The runtime difference between coarse and fine simulations thus defines the speed-up and is dependent on the actual mesh layout. For the chosen AIJE setup (Table 2), this difference in the two meshes, while still moderate, already allows more evaluations. It should be noted that we did not study a minimum resolution that would yield a maximum speedup for the tested setting, and hence for settings where fine simulations are substantially slower than coarse simulations, optimization loops become even faster; however, real-time estimates cannot be reached with the suggested approach.
8. Conclusions
The comparative analysis revealed that the Diff-KNN model consistently outperformed both the Pure-KNN and the Coarse-Scale CFD models across all spatial dimensions, exhibiting the lowest error rates. This suggests that Diff-KNN provides the most accurate predictions for wind flow in urban environments, particularly at ground-level heights.
The visualizations and performance metrics underscored the effectiveness of the Diff-KNN model in correcting the largest local errors of coarse CFD and achieving a uniform, domain-wide improvement. The hybrid approach of Diff-KNN leverages the strengths of both physics-based and data-driven methods, offering a robust solution for urban wind flow predictions.

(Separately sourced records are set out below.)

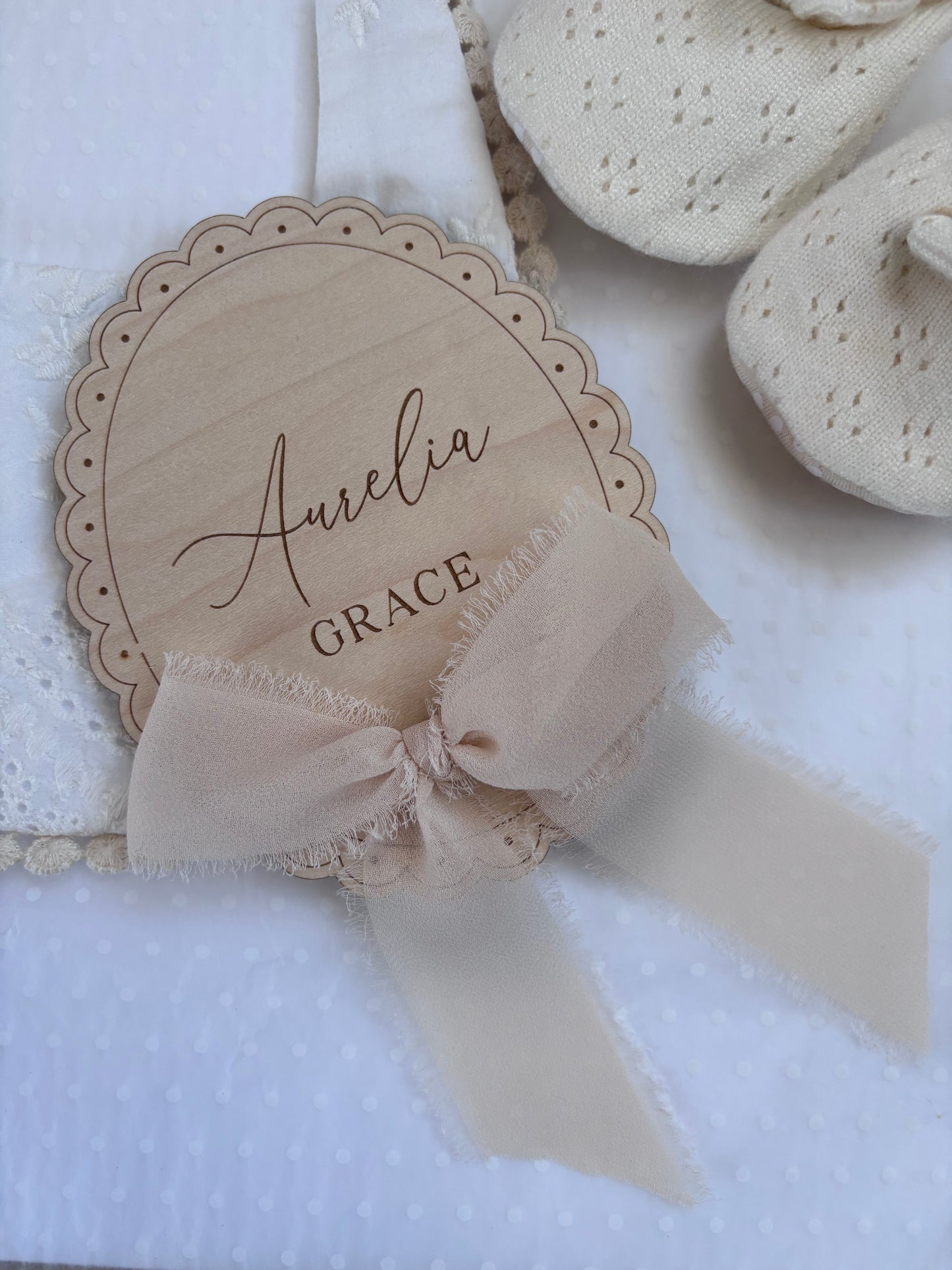 Personalised Wooden Birth Announcement Plaque with Chiffon Ribbon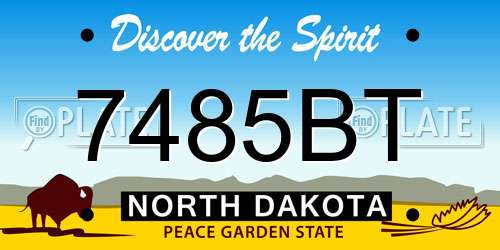7485BT North Dakota License Plate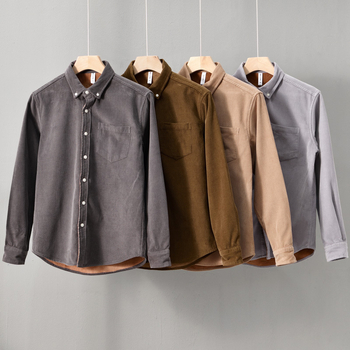 Férfi corduroy dzseki-ing fleece béléssel, vastag meleg pamut külső, őszi-téli retro stílus
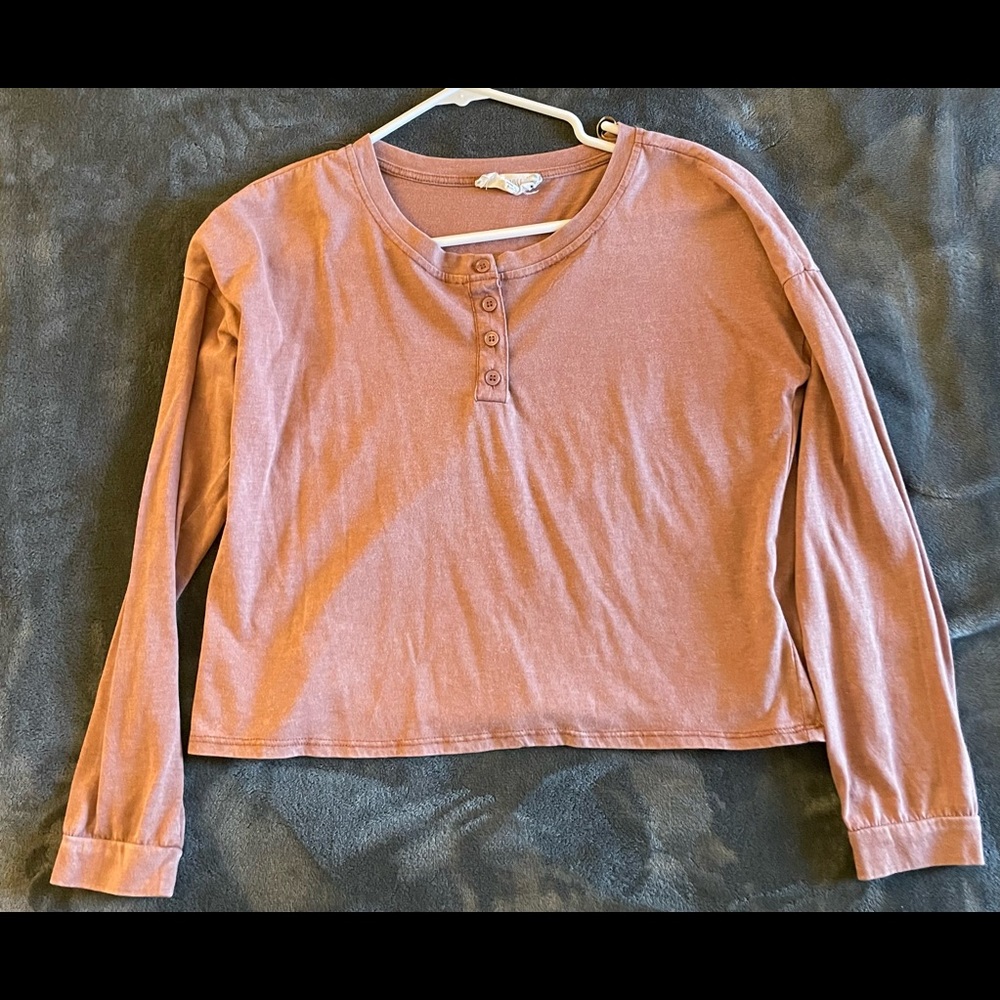 Peachy Pink Rose Half Button Up Shirt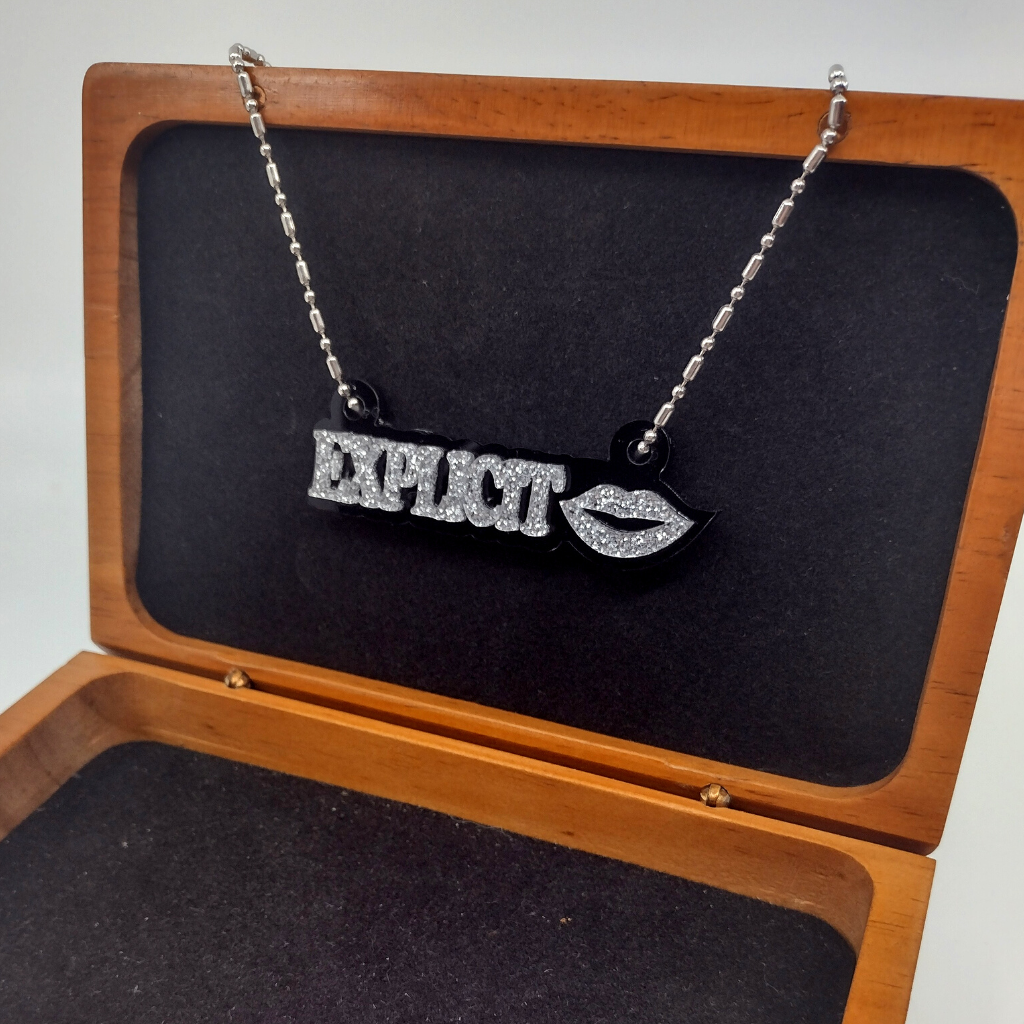Custom Lips Name Necklace, Personalized Glitter Name Necklace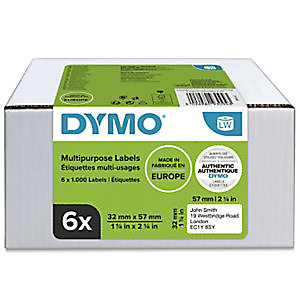 Dymo 2093094 Étiquettes LW polyvalentes authentiques, 32 mm x 57 mm, facilement détachables, auto-adhésives, pour étiqueteuses LabelWriter - paquet 6 rouleaux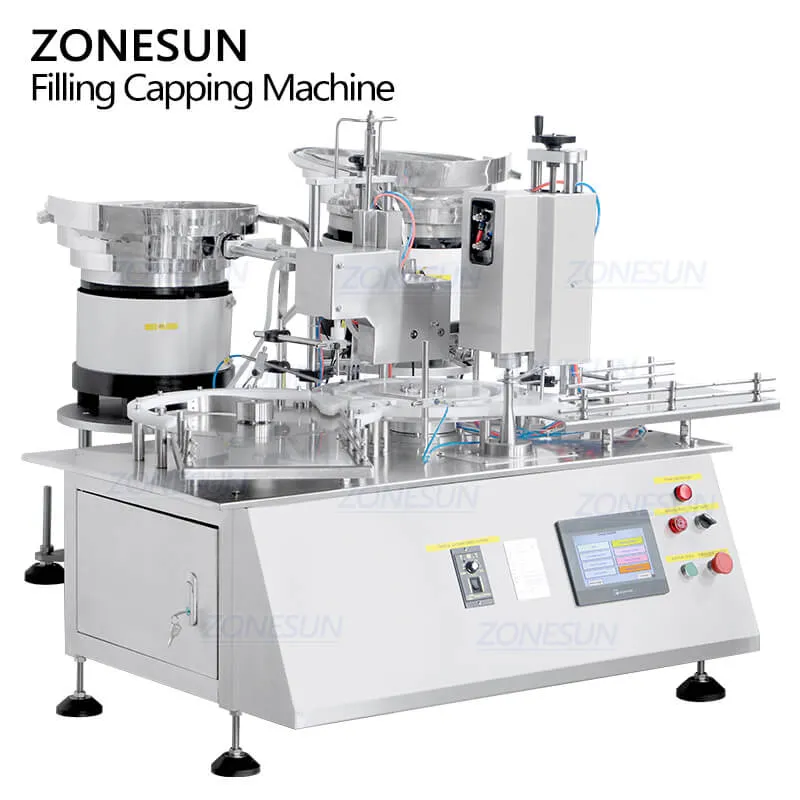 ZONESUN ZS-AFC20 Automatic Peristaltic Pump Aluminum Plastic Caps Bottles Glass Vial Filling Crimping Capping Machine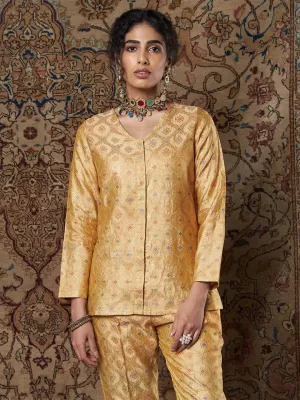 Women Golden Indian Motif Brocade Top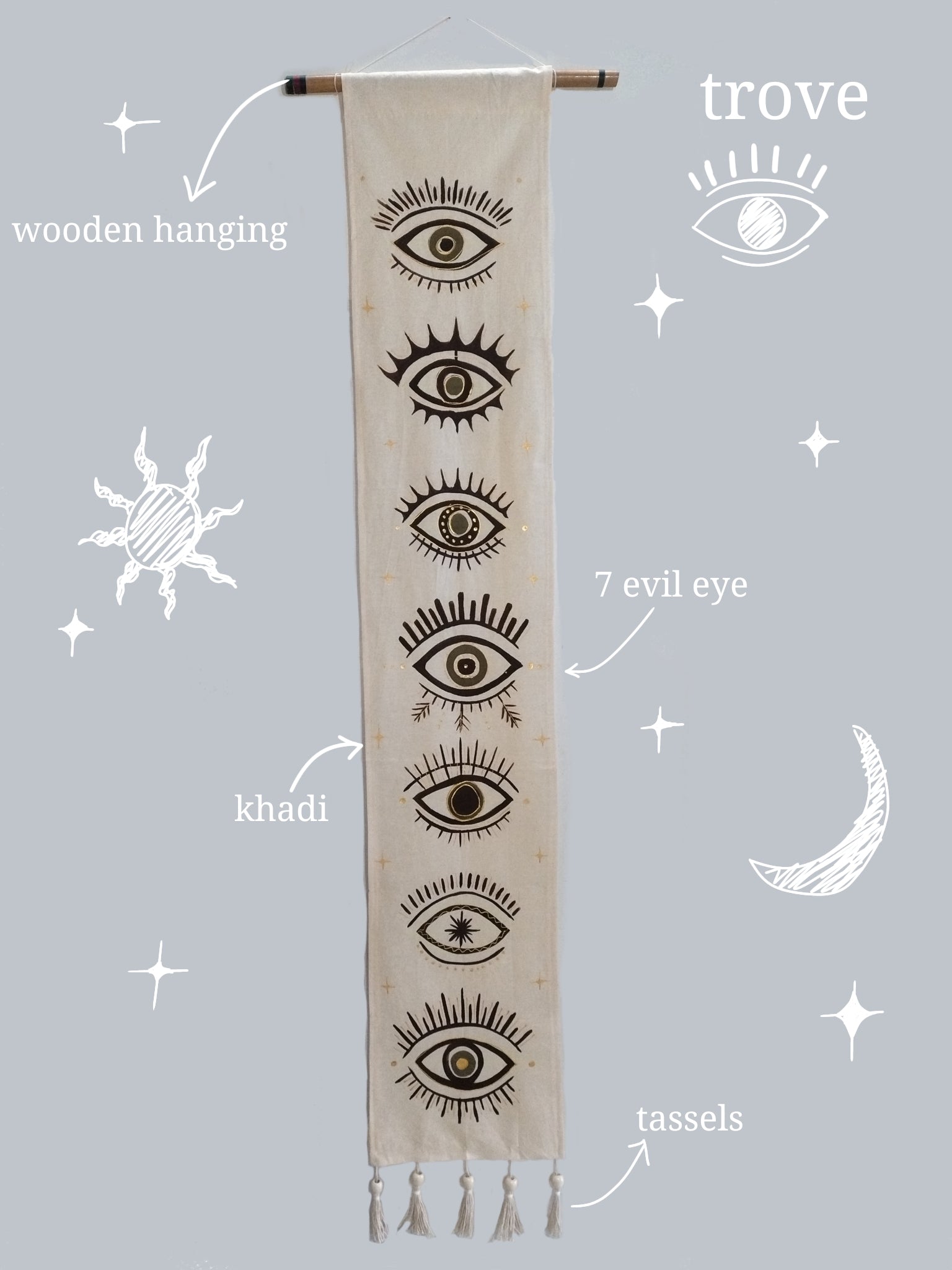 Celestial 7 Evil Eye Hand-Painted Tapestry – by Tove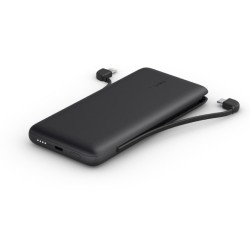 Belkin 10000mAh Power Bank with Integrated USB-C + Lightning Cables - Black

In summary, while KNN models are valued for their simplicity and mesh-free nature, they face significant challenges with extrapolation errors, particularly in novel urban geometries that extend beyond the convex hull of the training set. This transferability issue is a critical area for future research, as it is essential for developing models that can generalize effectively across diverse and previously unseen urban configurations. Addressing these challenges will further refine the integration of physical and data-driven approaches, thereby advancing the field of urban wind flow prediction.
Author Contributions
Conceptualization, D.N., F.H., T.J. and A.M.; methodology, D.N., J.W., F.H., T.J. and A.M.; software, J.W., D.N., F.H., T.J. and A.M.; validation, R.M.; formal analysis, J.W. and D.N.; investigation, J.W., D.N., F.H., R.M., T.J. and A.M.; resources, F.E.; data curation, J.W., D.N., F.H., R.M., T.J. and A.M.; writing—original draft preparation, D.N. and F.H.; writing—review and editing, D.N., F.H., R.M., T.J. and A.M.; visualization, J.W. and D.N.; supervision, D.N. and F.E.; project administration, D.N. and A.M.; funding acquisition, A.M. and F.E. All authors have read and agreed to the published version of the manuscript.
Funding
This work is part of the Digital Twin Cities Centre supported by Sweden’s Innovation Agency Vinnova under Grant No. 2024-03904. This work was further supported by the Swedish Research Council for Sustainable Development Formas under the grants 2019-01169 and 2019-01885. The computations were enabled by resources provided by the National Academic Infrastructure for Supercomputing in Sweden (NAISS), partially funded by the Swedish Research Council (Vetenskapsrådet) through grant agreement no. 2022-06725. This research is also part of the GATE project funded by the Horizon 2020 WIDESPREAD-2018-2020 TEAMING Phase 2 programme under grant agreement no. 857155 and the programme Research, Innovation and Digitalization for Smart Transformation 2021-2027 (PRIDST) under grant agreement no. BG16RFPR002-1.014-0010-C01.
Data Availability Statement
The simulation data presented in this study are available on request from the corresponding authors.
Conflicts of Interest
The authors declare no conflicts of interest.